**Task**
Every line of the data that includes "Vintage" should be copied out.
[Opening Working data section]
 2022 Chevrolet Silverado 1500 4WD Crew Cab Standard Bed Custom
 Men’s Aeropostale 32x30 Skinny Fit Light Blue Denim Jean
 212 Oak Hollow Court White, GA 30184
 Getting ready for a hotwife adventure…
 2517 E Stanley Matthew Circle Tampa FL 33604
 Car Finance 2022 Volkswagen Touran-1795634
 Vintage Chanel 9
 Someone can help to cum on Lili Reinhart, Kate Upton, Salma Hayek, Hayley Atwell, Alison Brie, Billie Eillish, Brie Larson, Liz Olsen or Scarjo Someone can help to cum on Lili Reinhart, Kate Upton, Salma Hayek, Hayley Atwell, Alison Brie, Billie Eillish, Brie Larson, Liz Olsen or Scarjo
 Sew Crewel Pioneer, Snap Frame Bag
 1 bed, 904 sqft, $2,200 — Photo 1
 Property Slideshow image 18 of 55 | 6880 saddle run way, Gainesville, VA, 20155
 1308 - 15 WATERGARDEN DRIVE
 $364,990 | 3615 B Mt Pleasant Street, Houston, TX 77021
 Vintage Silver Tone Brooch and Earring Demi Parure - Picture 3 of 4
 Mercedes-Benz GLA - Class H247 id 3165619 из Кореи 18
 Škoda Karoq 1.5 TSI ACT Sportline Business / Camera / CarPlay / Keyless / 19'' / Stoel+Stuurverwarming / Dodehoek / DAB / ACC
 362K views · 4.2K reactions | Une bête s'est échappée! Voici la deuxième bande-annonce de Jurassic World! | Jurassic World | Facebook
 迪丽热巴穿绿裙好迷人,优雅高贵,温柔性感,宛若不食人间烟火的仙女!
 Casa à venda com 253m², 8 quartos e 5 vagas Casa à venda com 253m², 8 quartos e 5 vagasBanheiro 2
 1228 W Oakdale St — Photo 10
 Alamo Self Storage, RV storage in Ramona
[Closing Working data section]
**Completed exercise**
 Vintage Chanel 9
 Vintage Silver Tone Brooch and Earring Demi Parure - Picture 3 of 4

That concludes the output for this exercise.